▶ **Task**:
Without its pictures, the listing below is to be transcribed exactly.

▶ **Data**:
# # #

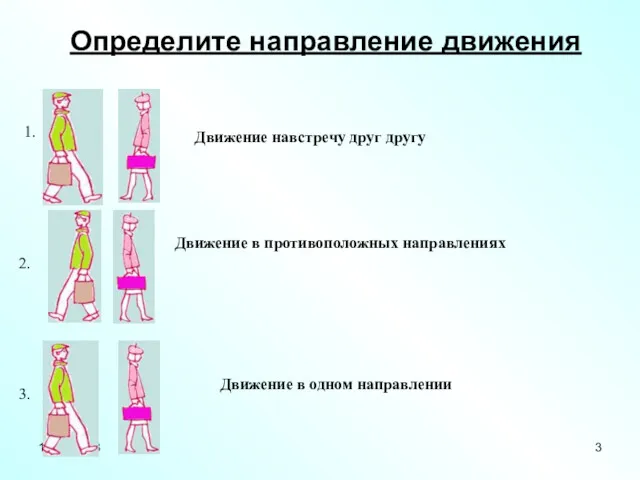 17.12.2018 Определите направление движения Движение навстречу друг другу Движение в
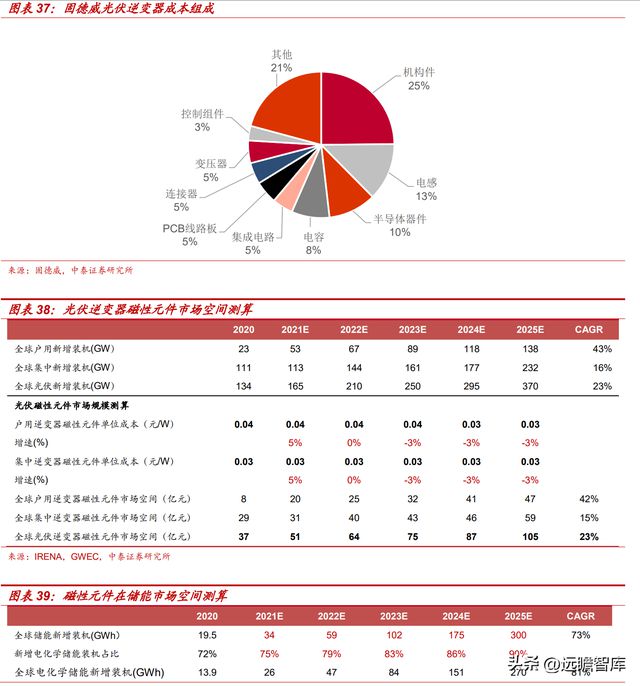 BBIN BBIN宝盈集团电感龙头顺络电子：汽车+新能源带来新成长穿越周期再启航(图27)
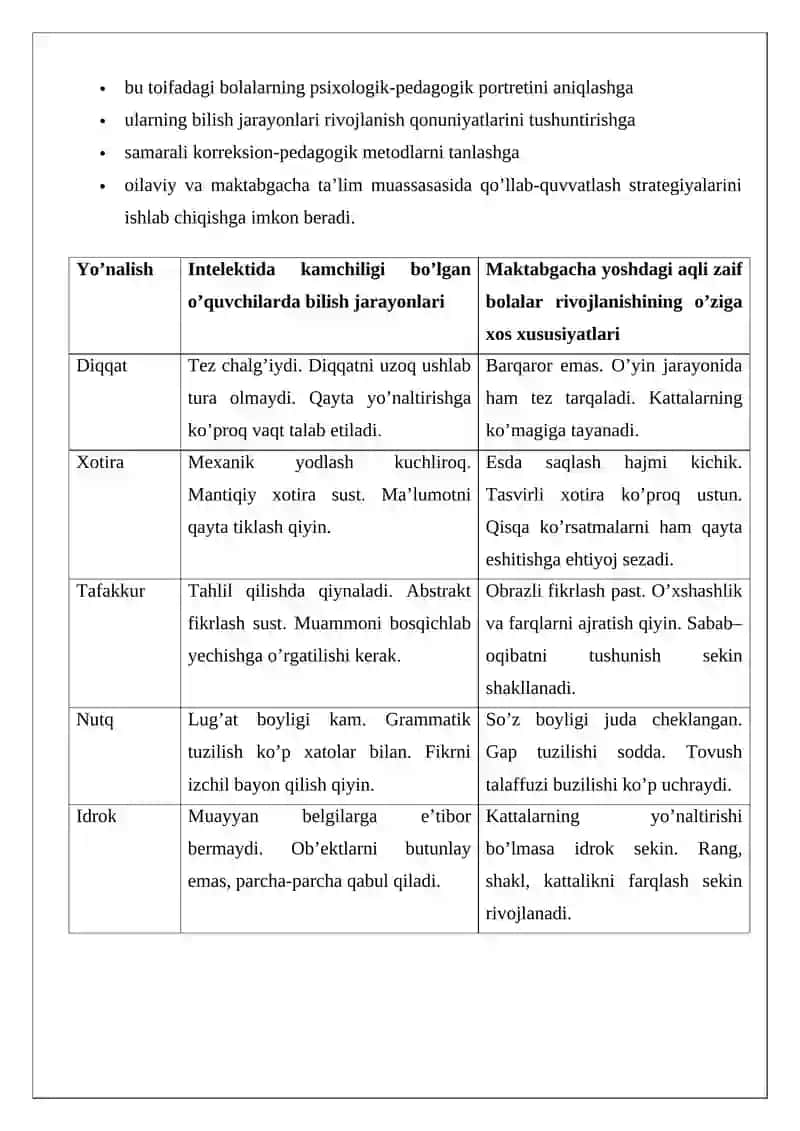 Maktabgacha Yoshdagi Aqli Zaif Bolalar 3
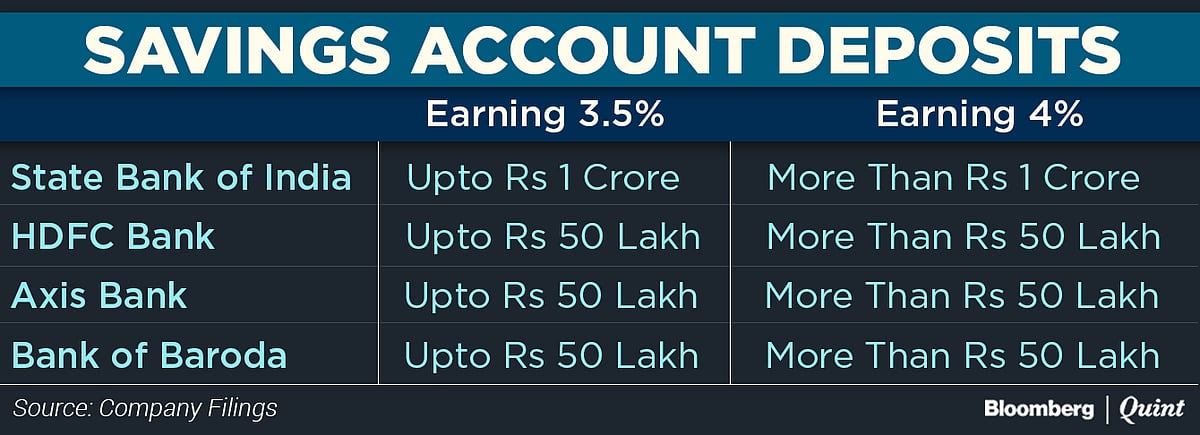 

HDFC Bank Cuts Savings Interest Rate In Line With SBI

# # #

▶ **Result below**:
 17.12.2018 Определите направление движения Движение навстречу друг другу Движение в
 BBIN BBIN宝盈集团电感龙头顺络电子：汽车+新能源带来新成长穿越周期再启航(图27)
 Maktabgacha Yoshdagi Aqli Zaif Bolalar 3

HDFC Bank Cuts Savings Interest Rate In Line With SBI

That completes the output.